HMMER web servers were officially launched today at the EMBL European Bioinformatics Institute (EBI) in Cambridge UK. You can read an EBI press release here. This marks the completion of the pilot HMMER server project at Janelia Farm and its transition to the EBI. All of this has been led by Rob Finn, now the head of sequence family resources at EBI. A huge thank you goes out to Rob and his team at Janelia (Jody Clements, Bill Arndt, and Ben Miller), to HHMI for funding the pilot project, and to the EBI for agreeing to adopt the pilot project and making it all grown up and respectable.
Today we’ve separated the code development home (hmmer.org) from the servers (www.ebi.ac.uk/Tools/hmmer/). Nonetheless, the two sites are pointing back and forth at each other, so you can download the current HMMER release and documentation from EBI, and you navigate to EBI’s search pages starting from hmmer.org. We even think that RESTful URLs for the pilot servers at hmmer.org will continue to be forwarded and served properly by the new EBI servers. Let us know if you experience any glitches.
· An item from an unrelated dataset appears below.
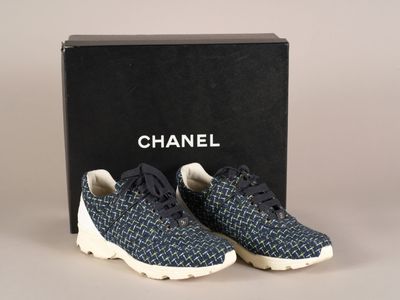 une paire de baskets bleues et blanches devant une boîte noire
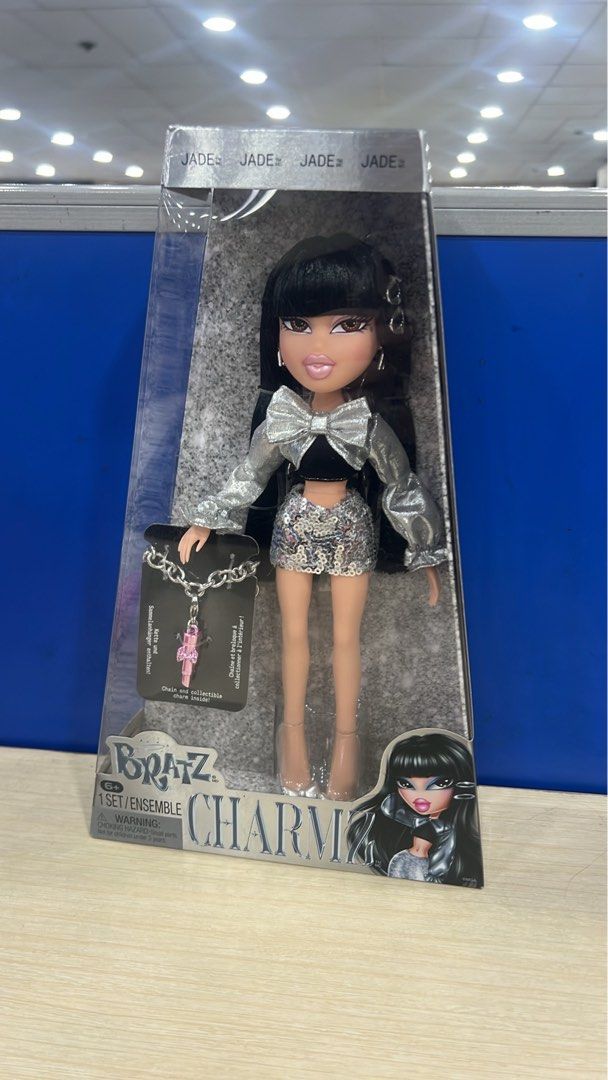 Bratz Charmz Jade Doll Unopened Box (Category: Kids Toys) located in Manila. Submitted by happydays.com (Listing ID 1469421143, Image 1). Description: - Brand: Bratz (Charmz Series - Jade) - Condition: Brand new, never removed from box (NRFB), crisp corners - Hair: Long black hair with signature bangs - Outfit: Metallic silver top, sparkly skirt, and matching heels - Accessories: Includes a chain necklace with a pink charm - Packaging: Clear fron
Rob’s team at EBI will run the EBI servers, and the Eddy/Rivas lab will continue to be responsible for hmmer.org. Because of the terrifyingly sophisticated planning processes we employ in the HMMER project, or maybe it’s just a coincidence, the EBI announcement comes just days before our move to Harvard. Everything HMMER-related at Janelia will now wind down quickly over the next few months. A big change for us. If you’re used to using hmmer.janelia.org, switch to using the project’s permanent URL at hmmer.org. We’re about to turn out the lights here at Janelia.